PrepareData gets the dataset from sklearn and splits it into train/test sets
TrainEvaluateRegister trains a Random Forest model, logs parameters, metrics, and the model into MLflow.

At line 22 of pipeline.py, make sure you add your MLflow load balancer URI to the pipeline parameter. It will be passed to TrainEvaluateRegister so it knows where to point to find MLflow.

You can now push the updated code to the main branch of the repo.

Image by author: Your pipeline will be updated and take a few minutes to execute.

From now on, the pipeline will register a new model version in MLflow at each execution.

To further automate, you can schedule the pipeline with Amazon EventBridge, or use other type of triggers with the start_pipeline_execution method.

Step 3: Deploying the MLflow models into production with the modelDeploy pipeline

We can now bring new model versions to the MLflow model registry, and will use the modelDeploy side of the MLOps project to deploy them into production.

Pushing the inference container image to ECR

Alongside the ML model, we need a container image to handle the inference in our SageMaker Endpoint. Let’s push the one provided by MLflow into ECR. Make sure this is done in the same AWS region as your MLOps project is in.

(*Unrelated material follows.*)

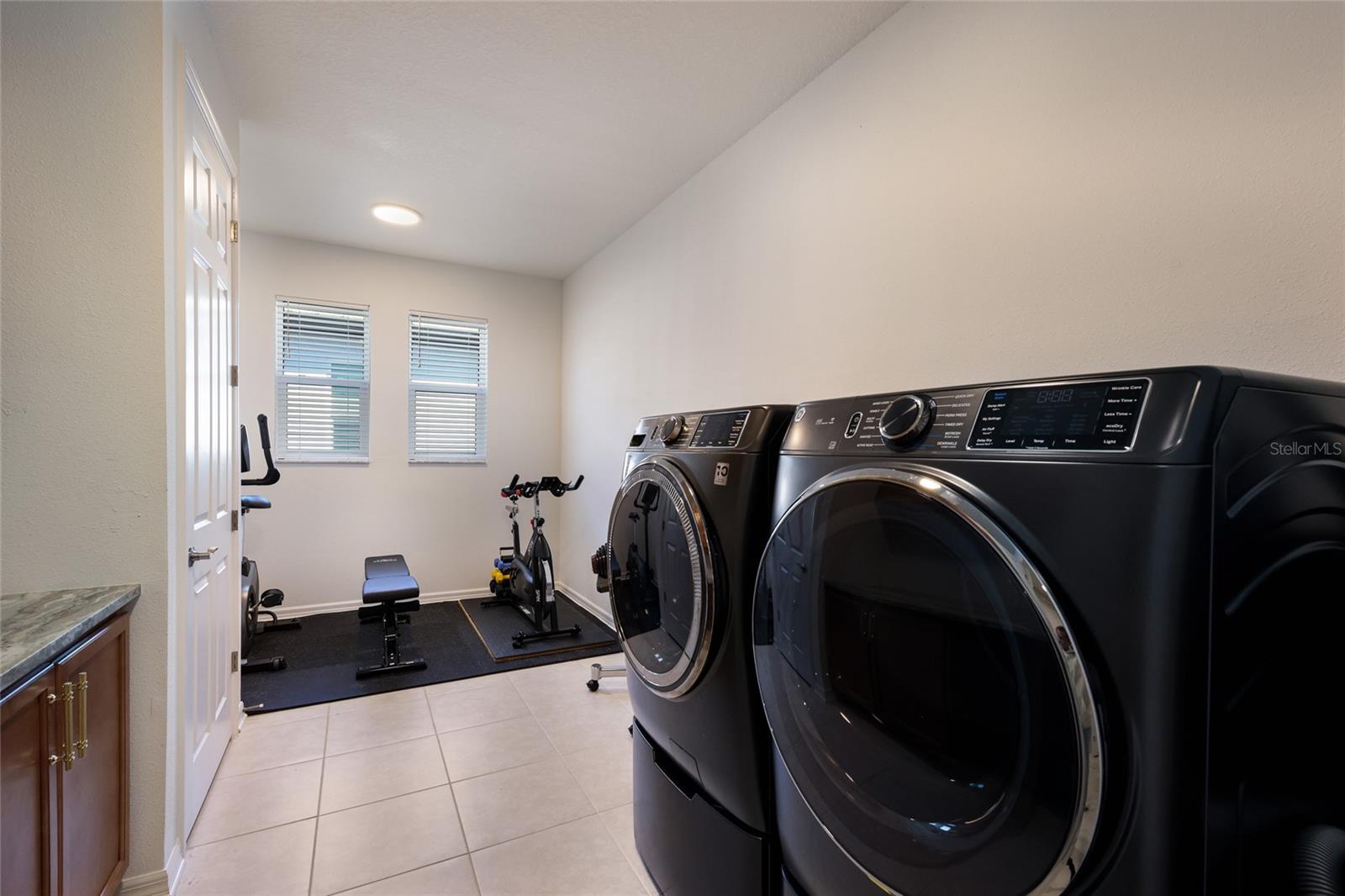 Image 44 of 87 For 17615 Savory Mist Circle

In my case, I push it from my laptop using the following commands:

pip install -q mlflow==1.23.1mlflow sagemaker build-and-push-container

Updating the modelDeploy repo

Next, you can update the modelDeploy repo with the code from this folder.

Images by author: How your modelDeploy repo should look like before (left) and after updating it (right)

In buildspec.yml, you can define the model version to deploy into production. You will also need to input your MLflow load balancer URI, and Inference container URI.

I updated build.py to get the chosen model version binary from MLflow, and upload its model.tar.gz to S3.

This is done by mlflow_handler.py, which also transitions model stages in MLflow, as models go through the modelDeploy Pipeline.

Triggering the deployment

You can now push the code to the main branch of the repo, which will trigger the modelDeploy pipeline in CodePipeline. Once testing is successful in staging, you can navigate to the CodePipeline console and manually approve the endpoint to go to production.